É nesse sentido, Sr. Primeiro-Ministro, que consideramos profundamente grave, que num quadro de agravamento da situação económica e social, procure desferir um golpe brutal em relação aos direitos dos trabalhadores.
Por isso, Sr. Primeiro-Ministro, deixo-lhe a primeira pergunta: não considera importante «descer à terra» para confrontar-se com a realidade? É porque se não o fizer, obviamente, não será capaz de mudar de políticas, de corrigir os erros, de prosseguir este caminho que está a atrasar Portugal. Esta é uma oportunidade que tem, Sr. Primeiro-Ministro, de dizer o que pensa fazer, designadamente quanto às previsões, para alterar este rumo da política nacional.
(...)
Sr. Presidente,
Sr. Primeiro-Ministro,
É espantoso! Até onde vai a mistificação? A sua proposta de alteração ao Código do Trabalho reflecte três questões centrais que, durante décadas - mesmo antes de o senhor nascer, Sr. Primeiro-Ministro! -, o grande patronato sempre reivindicou: primeira, contar com um exército de desempregados e poder despedir quando, como e quem quiser, aplicando um novo conceito de despedimento, designadamente a chamada «inadaptação» ao posto de trabalho.

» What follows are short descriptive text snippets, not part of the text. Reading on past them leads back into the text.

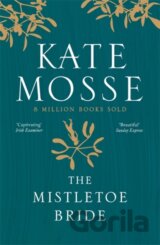 The Mistletoe Bride and Other Haunting Tales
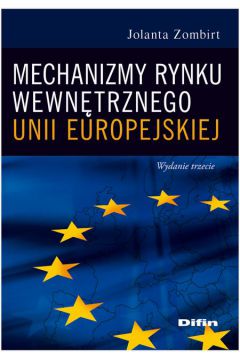 Mechanizmy rynku wewntrznego Unii Europejskiej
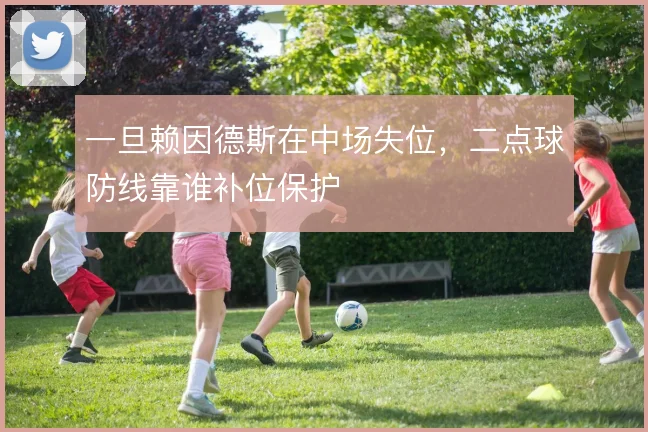 一旦赖因德斯在中场失位,二点球防线靠谁补位保护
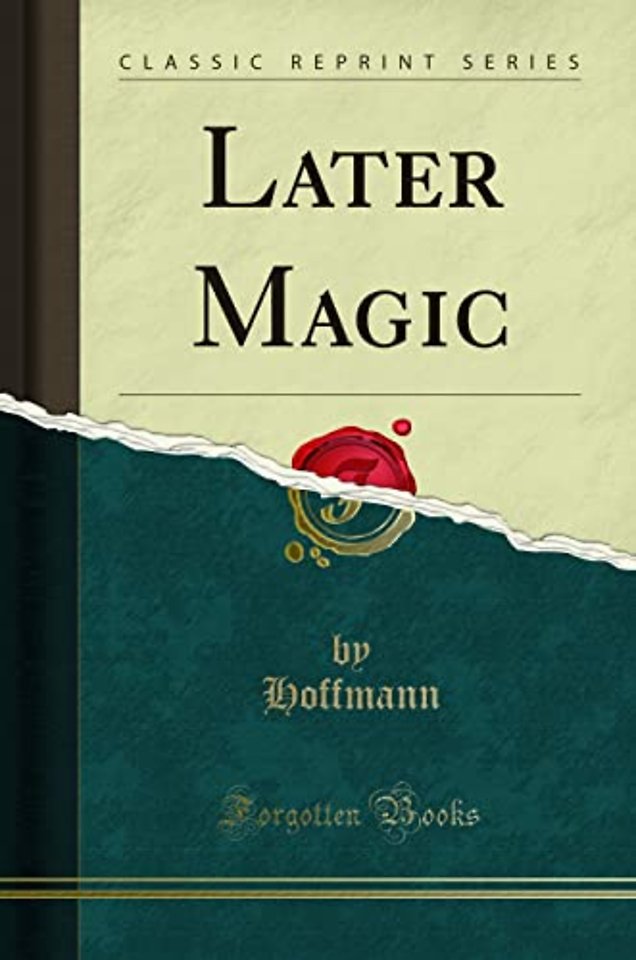 Later Magic (Classic Reprint)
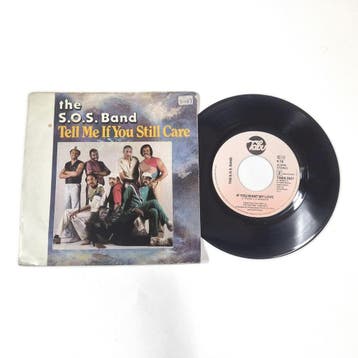 The S.O.S. Band – Tell Me If You Still Care / If You Want, Verzenden, Zo goed als nieuw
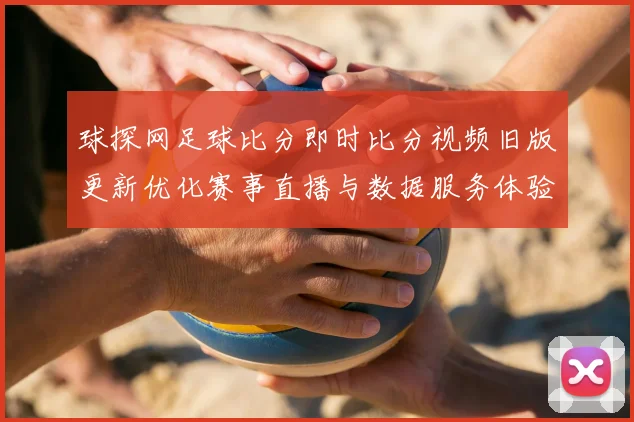 球探网足球比分即时比分视频旧版更新优化赛事直播与数据服务体验提升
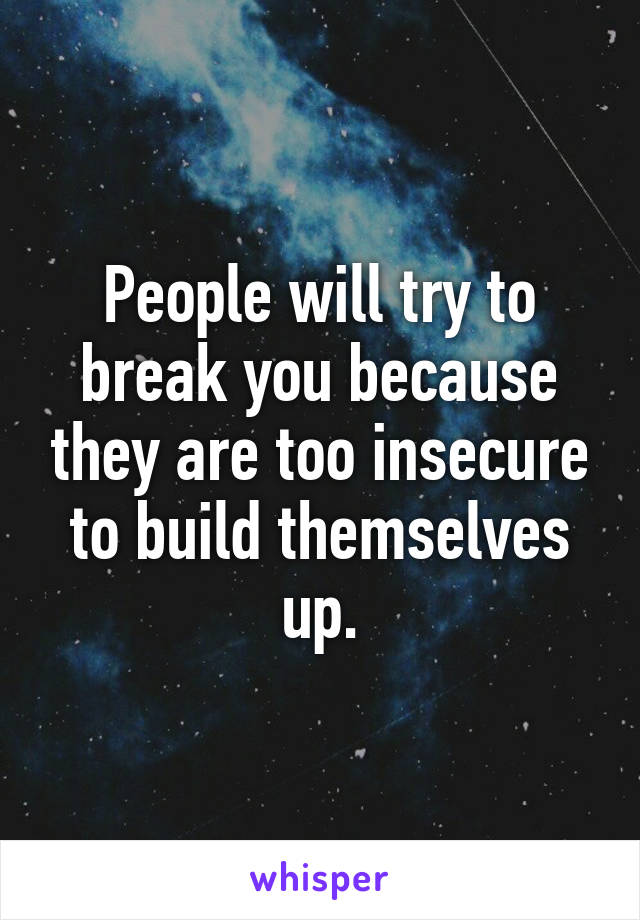 People will try to break you because they are too insecure to build themselves up.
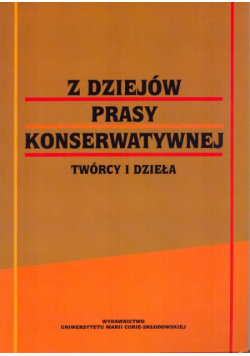 Borowik Bogdan, Mich Włodzimierz (red.) - Z dziejów prasy konserwatywnej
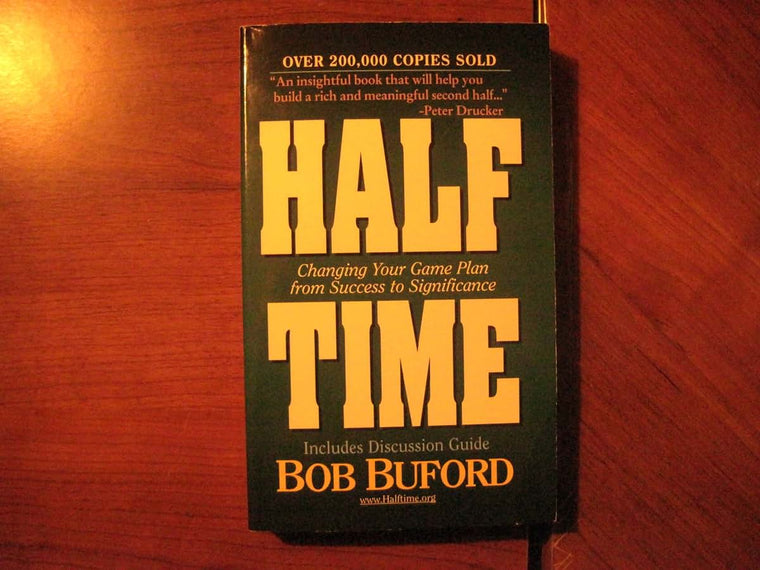 Halftime: Changing Your Game Plan from Success to Significance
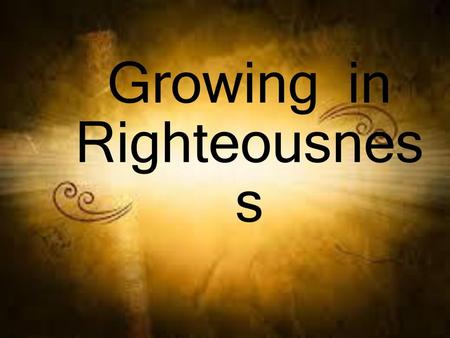 Growing in Righteousness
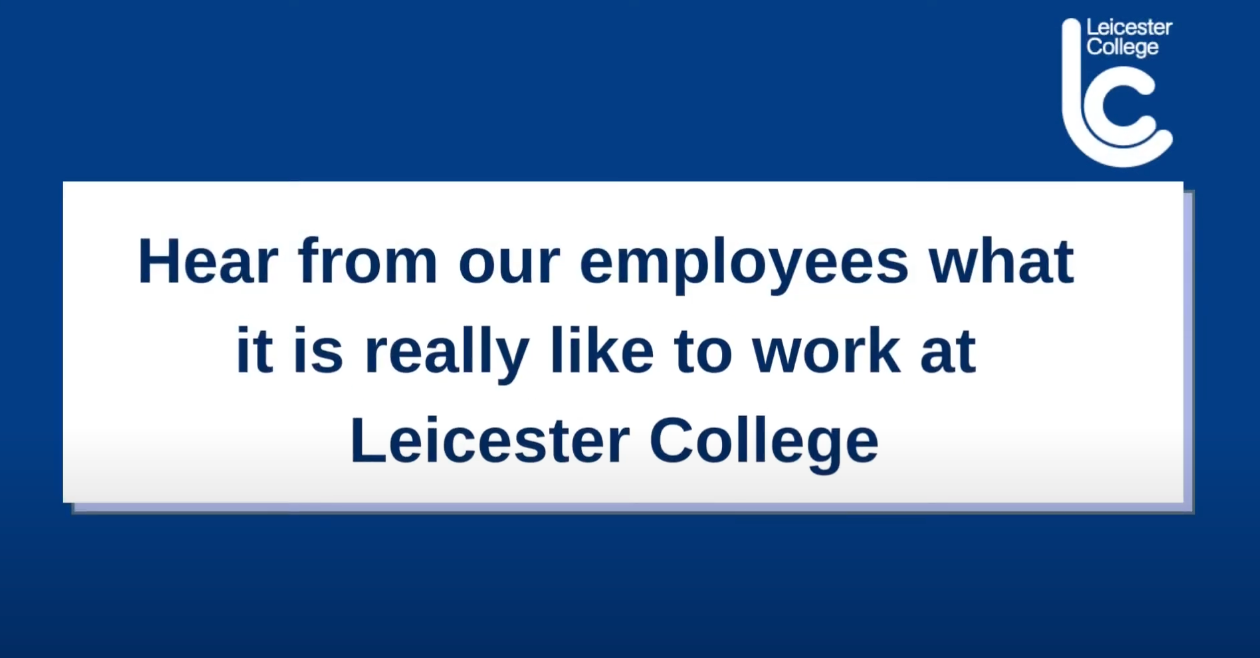 Why Work for Leicester College? - Leicester College
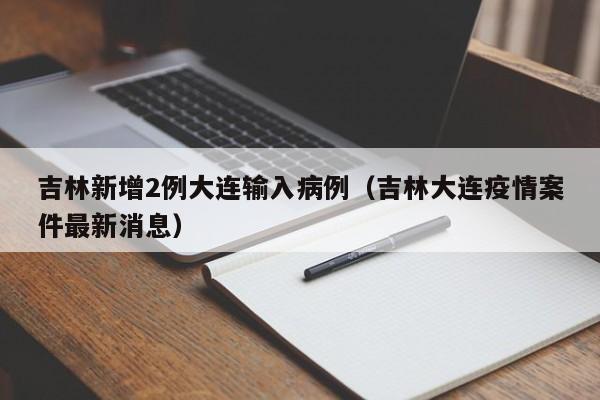 吉林新增2例大连输入病例（吉林大连疫情案件最新消息）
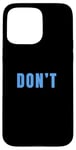 Coque pour iPhone 15 Pro Max Graphique bleu Just Don't Blue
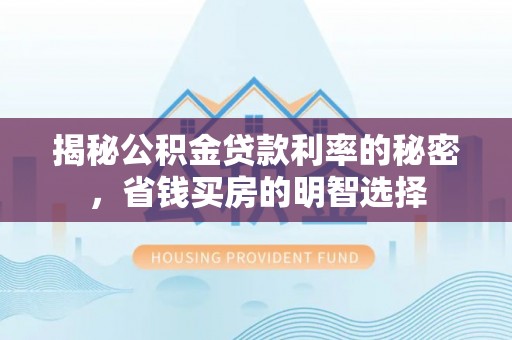 鹿谷揭秘公积金贷款利率的秘密，省钱买房的明智选择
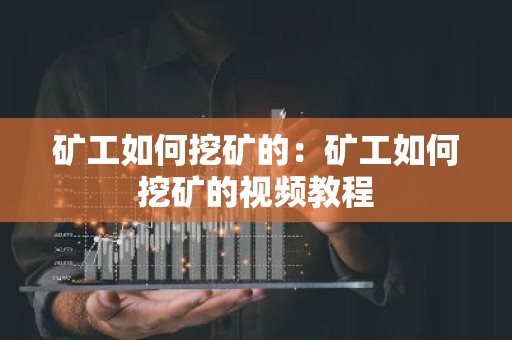矿工如何挖矿的：矿工如何挖矿的视频教程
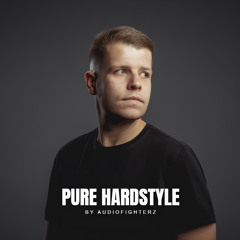 PURE HARDSTYLE | BY AUDIOFIGHTERZ #01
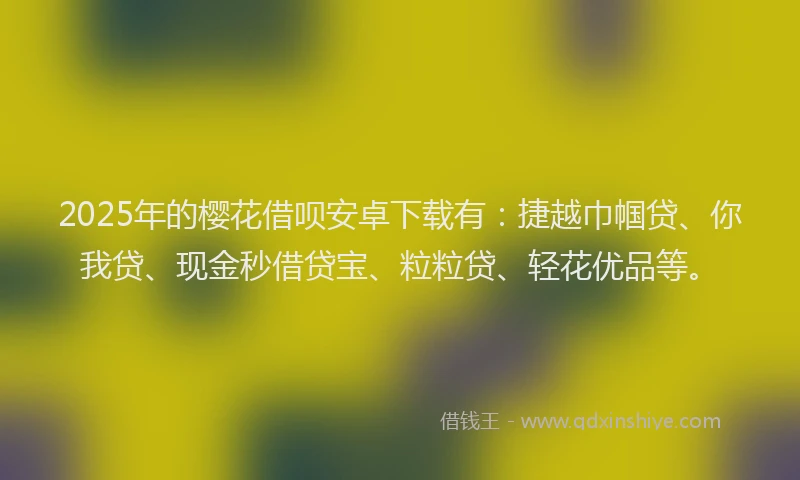 2025年的樱花借呗安卓下载有：捷越巾帼贷、你我贷、现金秒借贷宝、粒粒贷、轻花优品等。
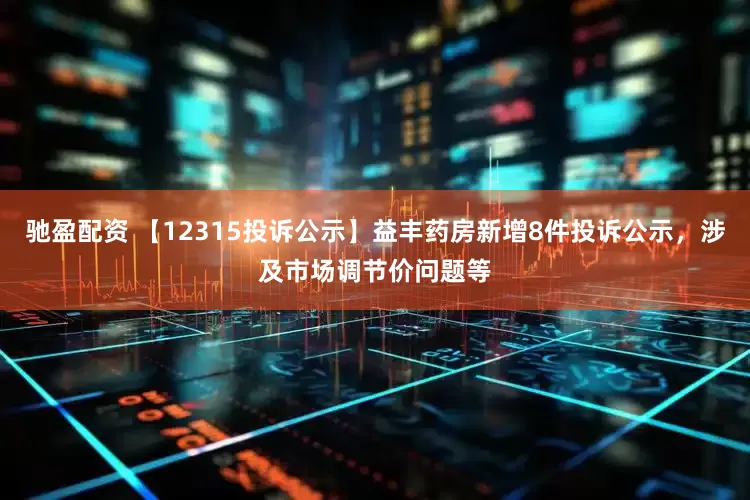 驰盈配资 【12315投诉公示】益丰药房新增8件投诉公示，涉及市场调节价问题等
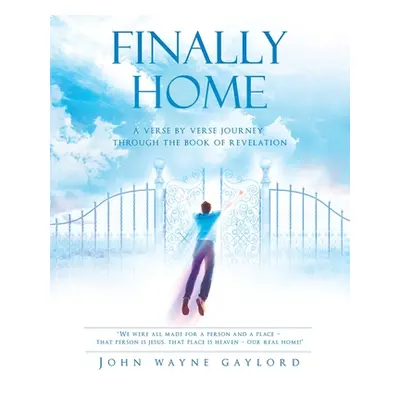 "Finally Home: A Verse by Verse Journey Through the Book of Revelation" - "" ("Gaylord John Wayn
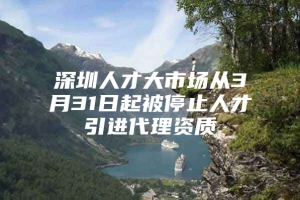 深圳人才大市场从3月31日起被停止人才引进代理资质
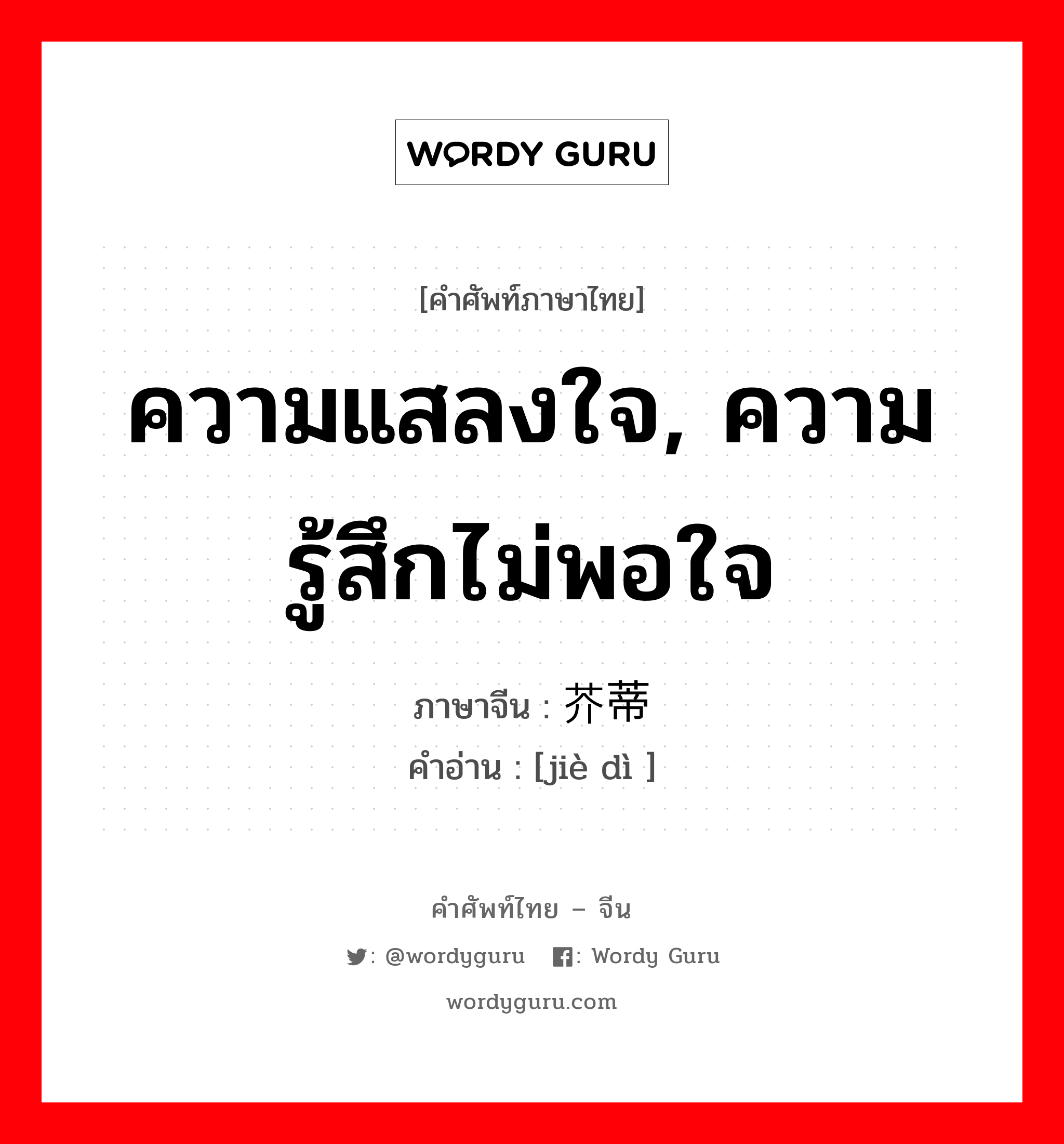 ความแสลงใจ, ความรู้สึกไม่พอใจ ภาษาจีนคืออะไร, คำศัพท์ภาษาไทย - จีน ความแสลงใจ, ความรู้สึกไม่พอใจ ภาษาจีน 芥蒂 คำอ่าน [jiè dì ]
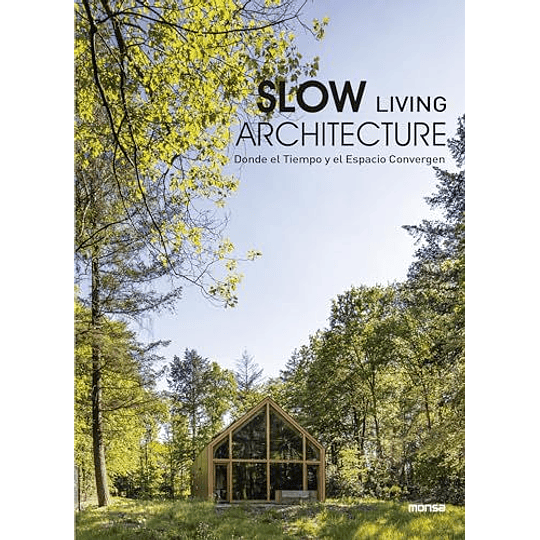 Slow Living Architecture (En Inglés)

Segunda questão central: a gestão e a organização do tempo de trabalho. Sempre mas sempre as empresas quiseram determinar a vida profissional do trabalhador e também, simultaneamente, a sua vida social e familiar. Também isto está contido na sua proposta, Sr. Primeiro-Ministro!
Terceira questão central: a contratação colectiva sempre foi um obstáculo para o grande patronato. E sabe porquê? Porque não querem regras, querem o vazio, querem ser eles a decidir sozinhos, ao arrepio daquilo que está na Constituição da República.
Neste sentido, Sr. Primeiro-Ministro, quero dizer-lhe que está a escrever uma das páginas mais negras da história do Partido Socialista, que, muitas vezes, contribuiu para os avanços civilizacionais da legislação do trabalho. Se lhe restasse uma «costela» que fosse, um «neurónio» social-democrata, repudiava, no mínimo, essa proposta inaceitável que visa alterar a correlação de forças entre o capital e o trabalho, porque é disto que se trata.
V. Ex.ª não está «em cima do muro»! V. Ex.ª passou para o lado de lá, para o lado dos poderosos, contra os trabalhadores e contra a própria Constituição da República, que o PS ajudou a construir!
(...)
Sr. Presidente,
Sr. Primeiro-Ministro,
V. Ex.ª é que deveria explicar aqui a razão por que quer precarizar todos os trabalhadores, através da alteração da lei dos despedimentos e da aplicação do conceito de «inaptidão», que dá para tudo, Sr. Primeiro-Ministro.
Em relação à precariedade, consideramos que as medidas que toma visam, no essencial, legitimar, legalizar situações que são perfeitamente ilegais, através de uma sanção pecuniária. É verdade, mas isto não chega nem esconde o fundamental, a génese da sua proposta.
Quero dizer-lhe, hoje, daqui, solenemente, Sr. Primeiro-Ministro, que estamos a falar de uma questão muito séria: do perigo real de um retrocesso de décadas. É por isto que o Partido Comunista Português, através do seu grupo parlamentar, declara e anuncia que vai entregar na Mesa da Assembleia da República uma proposta de moção de censura.
Uma proposta de moção de censura política a este Governo, que transporte o descontentamento, o protesto, a angústia e a revolta que atingem, hoje, milhares e milhares de portugueses, em particular, os trabalhadores.